Problem details - Please restate exactly what appears in the records below from the first line to the line where "Image similar to" is, that line included.

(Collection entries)
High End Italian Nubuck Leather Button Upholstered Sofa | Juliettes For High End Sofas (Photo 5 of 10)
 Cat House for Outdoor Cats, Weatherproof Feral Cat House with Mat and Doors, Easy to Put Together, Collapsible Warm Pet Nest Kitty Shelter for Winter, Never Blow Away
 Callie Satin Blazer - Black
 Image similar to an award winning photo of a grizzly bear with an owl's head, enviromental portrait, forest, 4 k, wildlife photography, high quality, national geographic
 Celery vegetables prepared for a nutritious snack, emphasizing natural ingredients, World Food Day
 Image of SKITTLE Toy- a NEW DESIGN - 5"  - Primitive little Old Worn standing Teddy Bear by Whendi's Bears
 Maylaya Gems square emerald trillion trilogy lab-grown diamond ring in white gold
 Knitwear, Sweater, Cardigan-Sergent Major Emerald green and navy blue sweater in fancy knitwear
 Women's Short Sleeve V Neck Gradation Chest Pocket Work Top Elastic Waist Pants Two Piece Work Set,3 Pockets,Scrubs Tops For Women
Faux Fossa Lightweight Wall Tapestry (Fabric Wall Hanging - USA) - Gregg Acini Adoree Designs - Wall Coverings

Answer for this exercise -
High End Italian Nubuck Leather Button Upholstered Sofa | Juliettes For High End Sofas (Photo 5 of 10)
 Cat House for Outdoor Cats, Weatherproof Feral Cat House with Mat and Doors, Easy to Put Together, Collapsible Warm Pet Nest Kitty Shelter for Winter, Never Blow Away
 Callie Satin Blazer - Black
 Image similar to an award winning photo of a grizzly bear with an owl's head, enviromental portrait, forest, 4 k, wildlife photography, high quality, national geographic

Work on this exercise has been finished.